Other factors such as salinity, turbidity and water temperature can affect Nereocystis distribution. Nereocystis tends to thrive in temperatures ranging from 5 to 20 degrees Celsius. It is rarely found in environments with high turbidity and low salinity. Nereocystis fails to thrive in areas of reduced salinity, such as brackish estuarine waters, because it has difficulty adjusting to changes in salinity. The increased turbidity of such waters also decreases light available for photosynthesis, limiting its growth. Additionally, disease, competition, and herbivory can affect distribution.

== Ecology ==
Nereocystis, like other large, canopy forming kelps, play a crucial role in maintaining the biologically diverse kelp forests in the temperate marine environments where they flourish. Its fast growth and size provide an important habitat not only for the fish and invertebrates that reside in kelp forests, but also for species that use kelp forests as foraging grounds. In bull kelp forests, kelp crabs are important grazers that control the ecosystem by feeding on large canopy kelps such as Nereocystis.

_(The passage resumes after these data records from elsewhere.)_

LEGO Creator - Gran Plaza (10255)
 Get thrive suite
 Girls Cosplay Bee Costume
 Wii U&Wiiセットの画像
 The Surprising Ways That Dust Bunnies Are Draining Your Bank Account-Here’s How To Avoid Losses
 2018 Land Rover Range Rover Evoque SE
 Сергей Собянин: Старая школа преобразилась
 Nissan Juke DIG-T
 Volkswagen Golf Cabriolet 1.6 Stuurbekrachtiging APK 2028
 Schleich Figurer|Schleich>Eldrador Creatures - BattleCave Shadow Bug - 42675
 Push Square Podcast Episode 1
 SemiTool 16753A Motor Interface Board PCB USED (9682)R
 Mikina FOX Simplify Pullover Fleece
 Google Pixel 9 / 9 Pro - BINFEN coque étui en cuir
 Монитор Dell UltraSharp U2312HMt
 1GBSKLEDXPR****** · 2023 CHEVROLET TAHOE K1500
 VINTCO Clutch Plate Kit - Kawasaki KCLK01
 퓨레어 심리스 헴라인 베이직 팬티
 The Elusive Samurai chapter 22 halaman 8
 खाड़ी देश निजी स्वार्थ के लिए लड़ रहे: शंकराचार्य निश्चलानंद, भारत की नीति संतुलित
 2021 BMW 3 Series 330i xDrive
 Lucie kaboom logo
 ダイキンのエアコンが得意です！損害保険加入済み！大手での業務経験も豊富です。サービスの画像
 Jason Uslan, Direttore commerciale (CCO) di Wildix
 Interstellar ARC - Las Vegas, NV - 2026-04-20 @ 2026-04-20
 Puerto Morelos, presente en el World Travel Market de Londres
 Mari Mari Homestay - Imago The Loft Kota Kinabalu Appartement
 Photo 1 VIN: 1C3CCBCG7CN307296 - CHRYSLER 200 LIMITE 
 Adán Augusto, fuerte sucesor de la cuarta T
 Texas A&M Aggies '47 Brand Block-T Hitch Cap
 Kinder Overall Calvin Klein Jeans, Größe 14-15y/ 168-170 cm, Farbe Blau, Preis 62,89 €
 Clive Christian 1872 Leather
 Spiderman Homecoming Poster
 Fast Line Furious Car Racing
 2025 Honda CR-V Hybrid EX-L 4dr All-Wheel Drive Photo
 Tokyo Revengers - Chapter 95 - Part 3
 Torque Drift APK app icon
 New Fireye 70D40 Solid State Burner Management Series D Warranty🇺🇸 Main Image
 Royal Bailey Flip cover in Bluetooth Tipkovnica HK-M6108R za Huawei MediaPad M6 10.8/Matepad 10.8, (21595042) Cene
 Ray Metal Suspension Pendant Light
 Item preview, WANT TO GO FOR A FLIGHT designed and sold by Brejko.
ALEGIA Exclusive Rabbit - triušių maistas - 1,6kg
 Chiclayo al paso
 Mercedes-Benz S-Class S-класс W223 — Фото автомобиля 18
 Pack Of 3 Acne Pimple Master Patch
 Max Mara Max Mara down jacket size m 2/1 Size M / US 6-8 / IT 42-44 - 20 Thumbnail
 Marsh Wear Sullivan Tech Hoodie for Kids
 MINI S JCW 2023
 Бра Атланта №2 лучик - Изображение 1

=== Microbial communities ===
Nereocystis fosters microbacteria species, affecting the ecology on a microscopic level. These microbial bacteria species foster the growth of seaweed, producing growth-promoting substances. According to studies by Weigel, the microbial communities that grow on Nereocystis are composed mostly of Proteobacteria, Bacteroidetes, Verrucomicrobia, and Planctomycetes. Nereocystis is unique in that it contains a large percentage of Verrucomicrobia, with it composing approximately 10% of microbacteria populations on Nereocystis.

=== Human effects ===
Abalone mariculture (the commercial farming and harvest of abalone) and an increasing demand in human consumption have led to a notable and marked increase in Nereocystis extraction. This extraction is done by hand and removes the top two meters of the forest. These first two meters contain bull kelp's pneumatocysts and its reproductive organs, so this method of extraction destroys kelp forests that depend on Nereocystis. Since bull kelp tend to only reproduce once a year, removal of these organs renders Nereocystis unable to reproduce. The tissues of bull kelp are processed and turned into liquid fertilizer as well as food for abalones.

== Human uses ==
Nereocystis was not commercially harvested off the coast of California until around the 1980s. The beginning of this harvest is attributed to the Abalone International company, which was seeking mariculture expansion and efficiency. Kelp harvesters are legally mandated to record every aspect of their harvest, including but not limited to the amount of kelp, the species, and the location where it was taken from. Kelp is currently harvested from the Californian coast, Oregon, Washington, British Columbia, and Alaska.

Human uses of Nereocystis include consumption and agriculture. It is pickled and eaten as a delicacy as well as used for creative purposes.